A. Learn who the key project personnel are and begin establishing a good working relationship with them. In particular, systems analysts, systems safety personnel, requirements development personnel, end-users, and those establishing operational concepts are some of the key people with initial knowledge of the project.
B. Gather all of the initial documents listed in the requirement as well as any others that the project is developing that may contain critical information on the project being developed. Don’t wait for signature copies, but begin getting acquainted with them as early as possible. Through the working relationships established, stay informed about the types of updates that are being made as the system concepts continue to be refined. Keep a list of the documents collected and their version dates as the system matures.
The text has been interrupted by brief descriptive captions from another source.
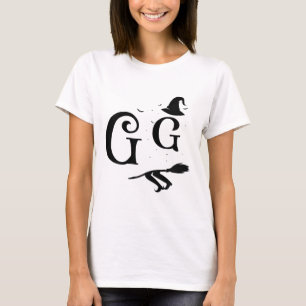 Vrouwen heks Pet Graphic Spooky GG Funny Halloween T-shirt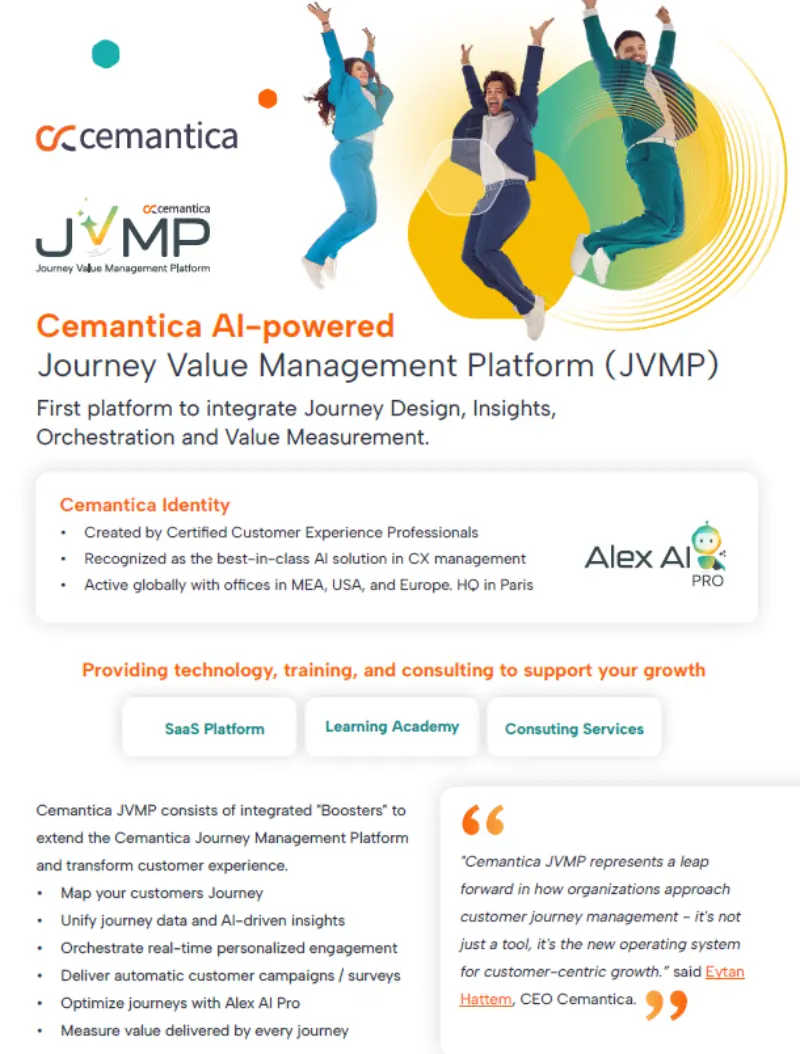 Cemantica Journey Value Management Platform JVMP brochure thumbnail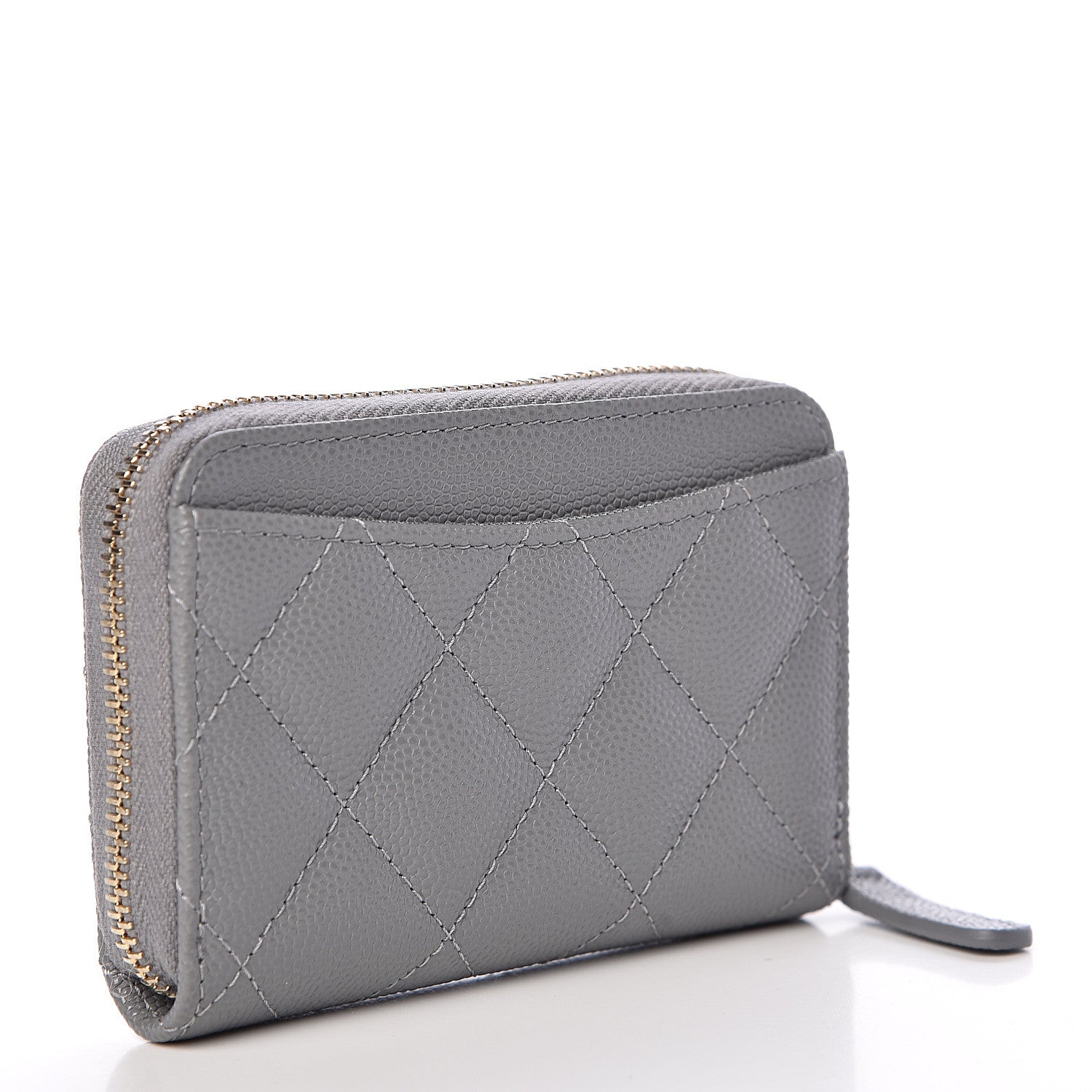 Chanel Caviar Quilted Zip Coin Purse Grey 3 of 8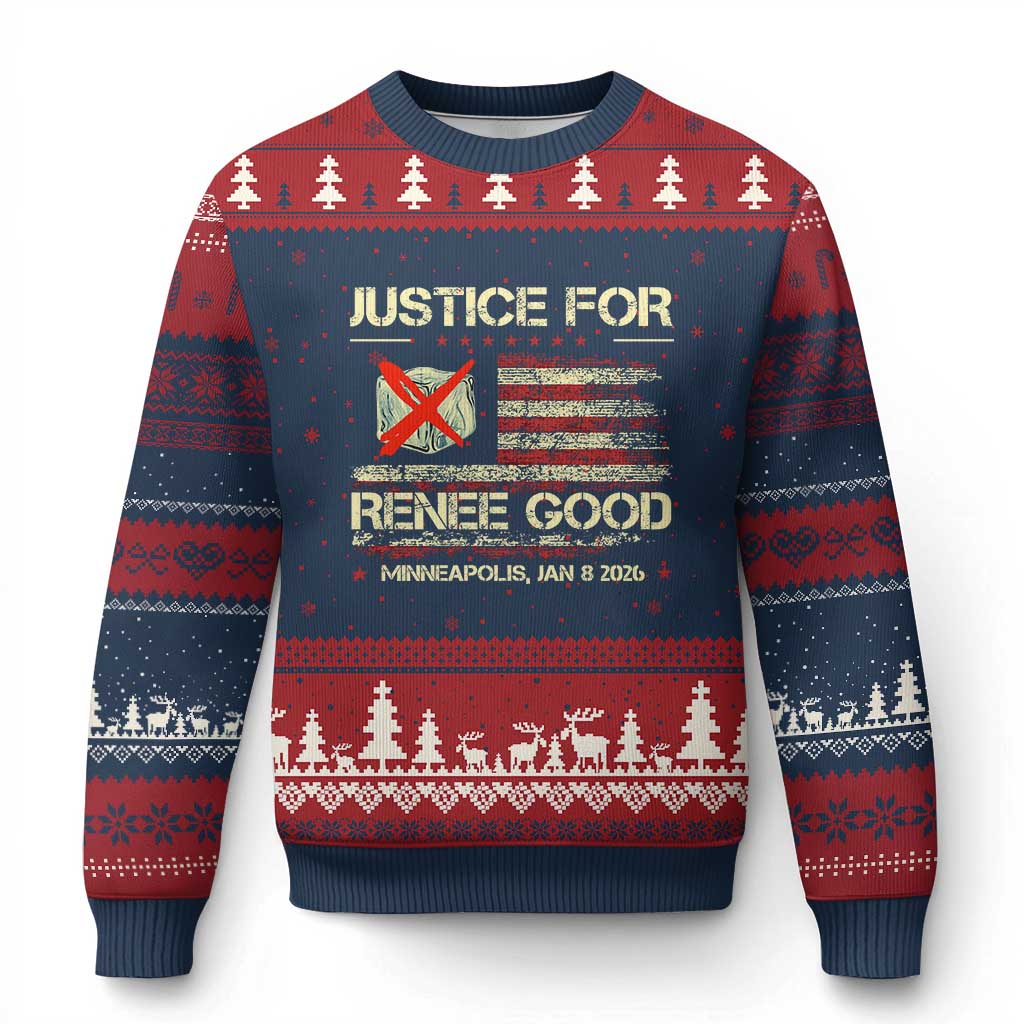 Justice for Renee Good Ugly Christmas Sweater Minneapolis Jan 8 2026 American Flag Stop Ice - Wonder Print Shop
Potential documents that may contain critical information include:
- Preliminary System-Level Preliminary Hazard Analyses (PHA)
- Concept of Operations (ConOps)
- Generic Hazard Lists (e.g. for project type, for software, or just generic hazards)
- Critical Item List(s) (CIL)
- Preliminary System Reliability Assessment or Analyses
- Project/System Risk Assessments
- Request for Proposals (RFP)
- Computing System Safety Analyses
- Software Security Assessment (NPR 7150.2, SWE-156 - Evaluate Systems for Security Risks, SWE-154 - Identify Security Risks)
- Science Requirements Document
C. Become familiar with the documents in Step 2 and pay particular attention to the risks and potential hazards that might be mentioned in these documents. While reviewing these risks and potential hazards, think about the ways that the software might be involved in these risks. Possible examples of software contributions to potential hazards are found in the section below titled: Software Contributions to Hazards, Software in system hazard analysis
D. As the initial hazard analyses are being done, software assurance and software safety people confirm that these analyses are as complete as possible for the stage of the project.
Task 2: Assess that the hazard reports identify the software components associated with the system hazards per the criteria defined in NASA-STD- 8739.8 Appendix A.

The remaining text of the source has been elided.